● **Work request**
Please restate word for word each line from the one containing "You can also" to the last line of the records below, and drop the pictures.

--- Study material ---

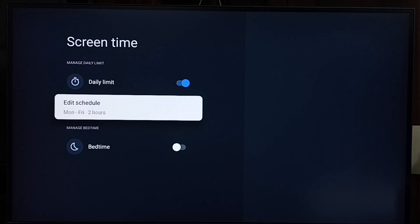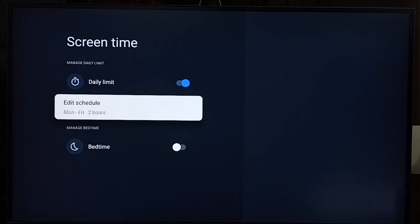So this way we can set a daily time limit. After this two-hour limit, the TV will lock this profile. You can try this.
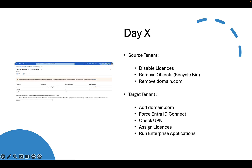The plan for day X was as follows. In the source tenant, we were going to disable licenses and remove objects — meaning move objects to the recycle bin. This was necessary because the next step was to remove the domain name itself, which is only possible if there are no objects using that domain name. After this, we added domain.com to the target tenant and forced Entra ID Connect replication. Because domain.com was used on-premise, as soon as domain.com appeared in the target tenant, all user principal names were updated and the temporary domain temp.com was replaced by domain.com.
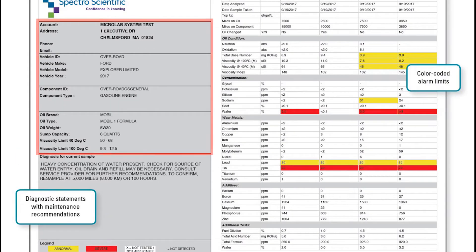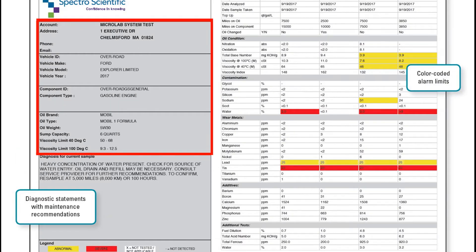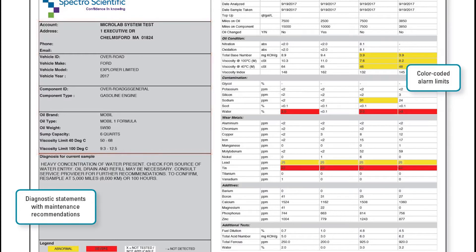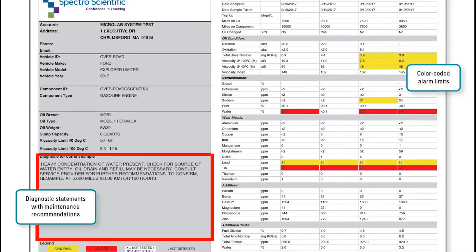On the left-hand column is the information about the equipment and the oil being tested. Below that are the diagnostic statements for the current sample, directing the mechanic on what maintenance action they should consider taking.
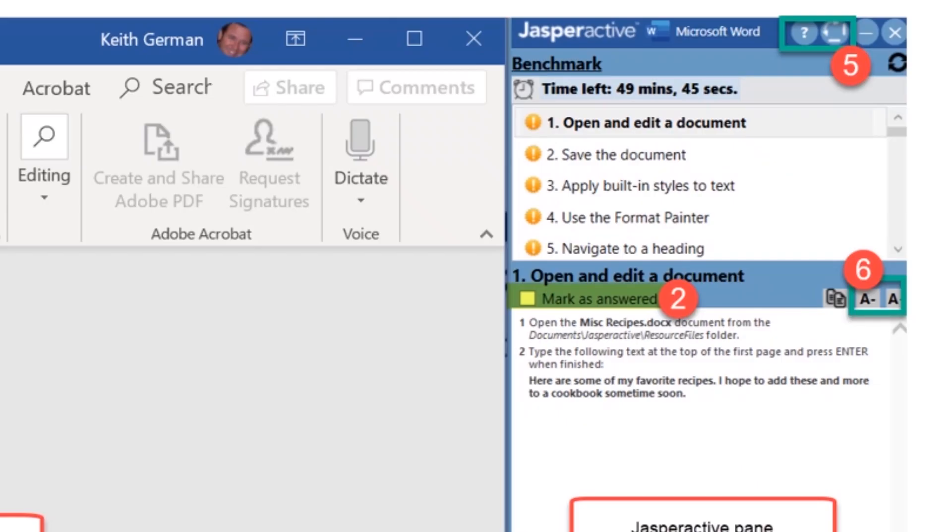You can also reposition the Jasperactive pane from the right side to the bottom of the screen—similar to how the certification exam looks in Certiport's Compass and GMetrix system. Make note in the right image, item 6, that options are available to resize, say increase or decrease the instructions font size, and to copy text.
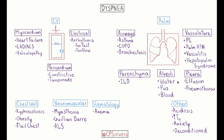The alveoli are next, where filling processes can often lead to shortness of breath — those filling processes occurring because of water, pus, or blood. Pulmonary vasculature causes such as pulmonary embolism, pulmonary hypertension, vasculitis, and hepatopulmonary syndrome can also lead to dyspnea. One pearl about hepatopulmonary syndrome: it can be associated with platypnea, which is dyspnea when upright that actually improves while supine. The last pulmonary category is the pleura, with examples being pleural effusion or pneumothorax.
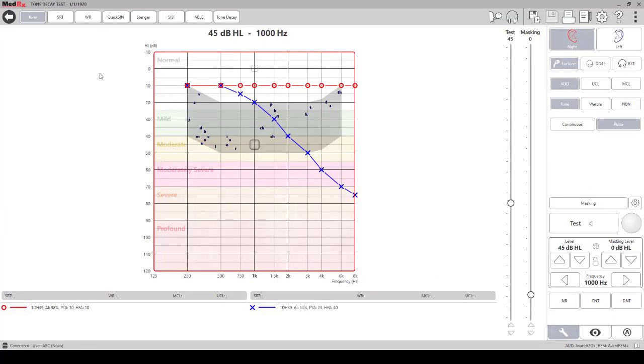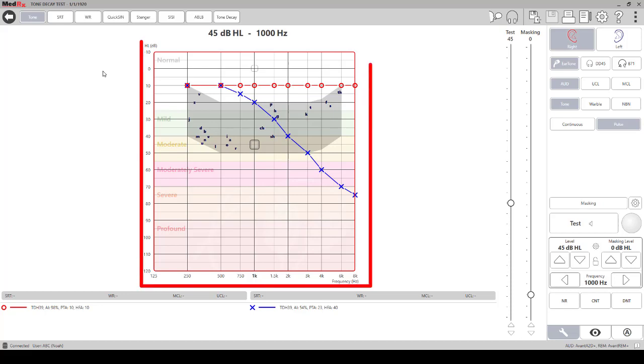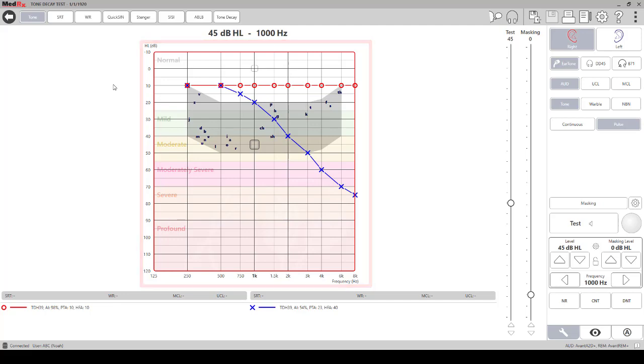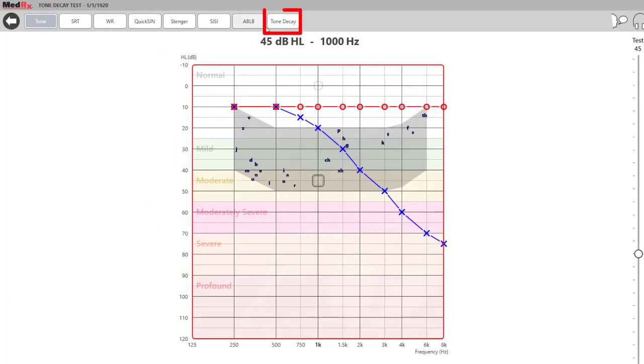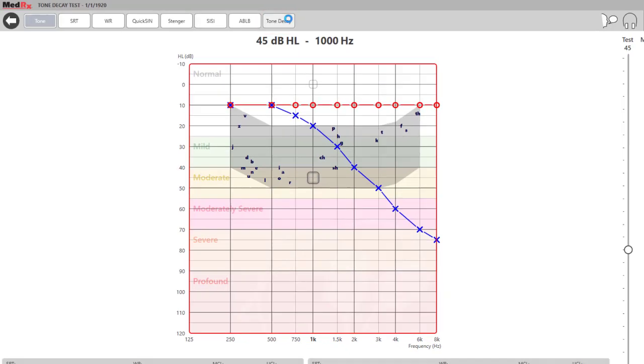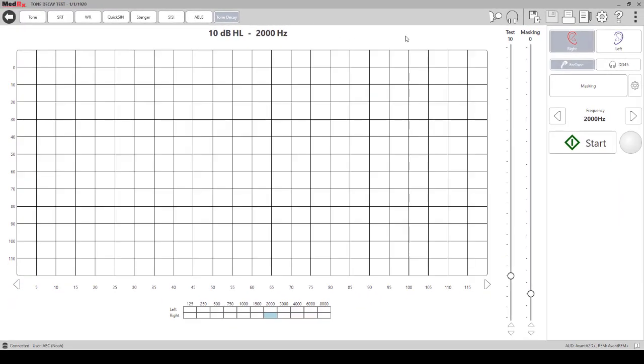On the tone screen here, you will see the thresholds that we used as an example when we were discussing the background. On the top of the screen, you will see a tone decay tab. You can click on that, and that will bring you to the test.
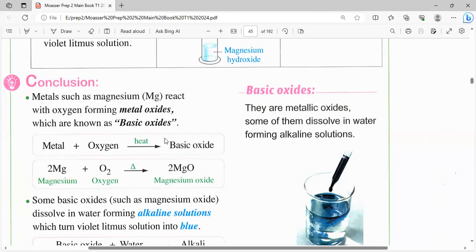المعادلة: metal + oxygen بالـ heating يدينا basic oxide. زي: 2Mg + O2 بالحرارة يدينا 2MgO. وليه حطينا 2 قبل الماغنيسيوم؟ لأن الأكسجين ما ينفعش يبقى في صورة atom لوحده، لازم يكون في صورة element، يبقى O2. فعشان كده حطينا 2 قبل Mg عشان يدينا 2MgO.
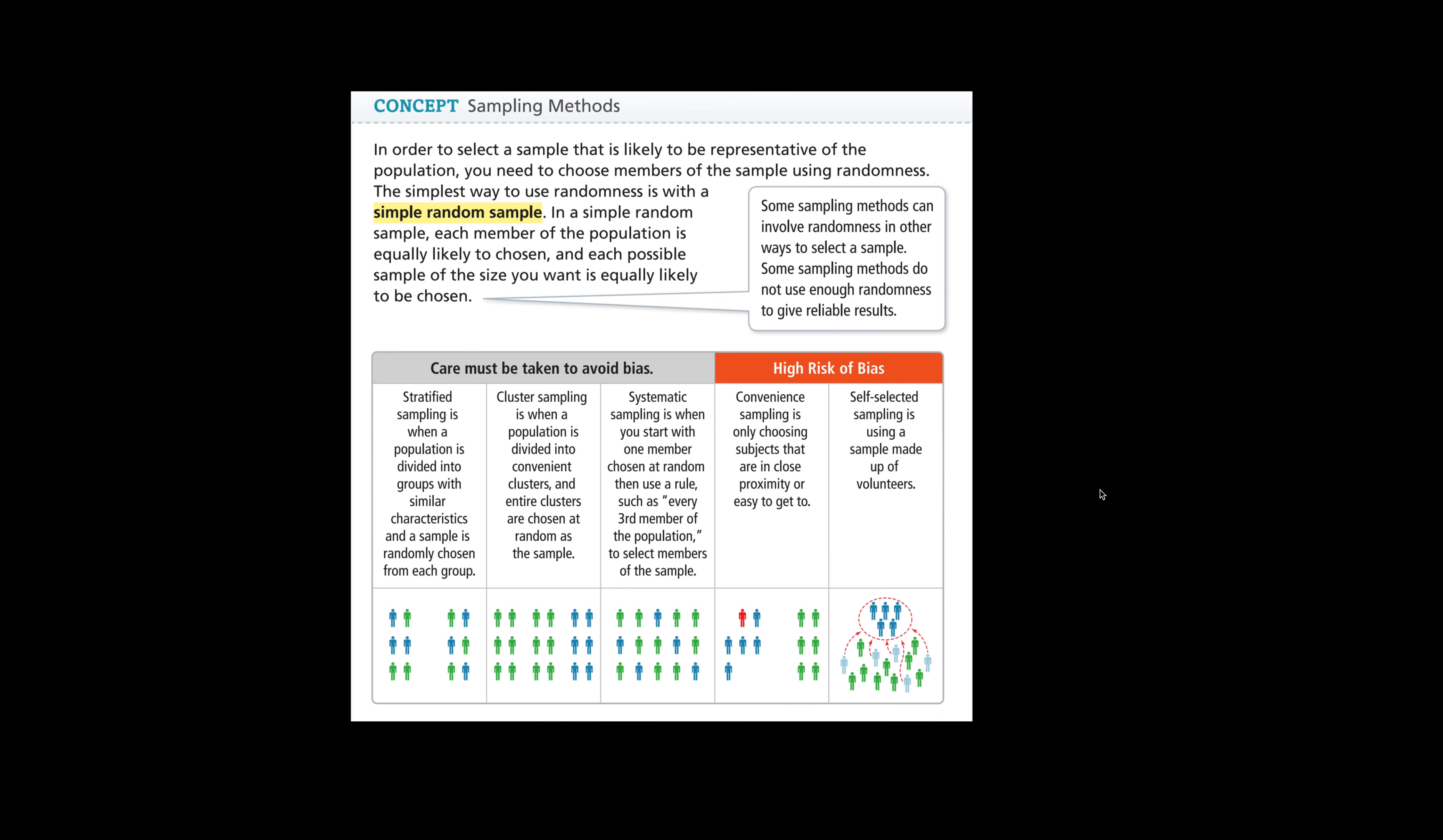High risk of bias is convenience sampling, which is only choosing subjects that are close in proximity or easy to get to. So this goes back to polling your friends. Let's say you all took a science exam and you and your friends did poorly on it, and then coming to the conclusion that the full class did poorly on it. We see this a lot as you get through schools. That is a convenience sampling because your friends are convenient to you to ask questions and to sample.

---

● **Solution below**
You can also reposition the Jasperactive pane from the right side to the bottom of the screen—similar to how the certification exam looks in Certiport's Compass and GMetrix system. Make note in the right image, item 6, that options are available to resize, say increase or decrease the instructions font size, and to copy text.
The alveoli are next, where filling processes can often lead to shortness of breath — those filling processes occurring because of water, pus, or blood. Pulmonary vasculature causes such as pulmonary embolism, pulmonary hypertension, vasculitis, and hepatopulmonary syndrome can also lead to dyspnea. One pearl about hepatopulmonary syndrome: it can be associated with platypnea, which is dyspnea when upright that actually improves while supine. The last pulmonary category is the pleura, with examples being pleural effusion or pneumothorax.
On the tone screen here, you will see the thresholds that we used as an example when we were discussing the background. On the top of the screen, you will see a tone decay tab. You can click on that, and that will bring you to the test.
المعادلة: metal + oxygen بالـ heating يدينا basic oxide. زي: 2Mg + O2 بالحرارة يدينا 2MgO. وليه حطينا 2 قبل الماغنيسيوم؟ لأن الأكسجين ما ينفعش يبقى في صورة atom لوحده، لازم يكون في صورة element، يبقى O2. فعشان كده حطينا 2 قبل Mg عشان يدينا 2MgO.
High risk of bias is convenience sampling, which is only choosing subjects that are close in proximity or easy to get to. So this goes back to polling your friends. Let's say you all took a science exam and you and your friends did poorly on it, and then coming to the conclusion that the full class did poorly on it. We see this a lot as you get through schools. That is a convenience sampling because your friends are convenient to you to ask questions and to sample.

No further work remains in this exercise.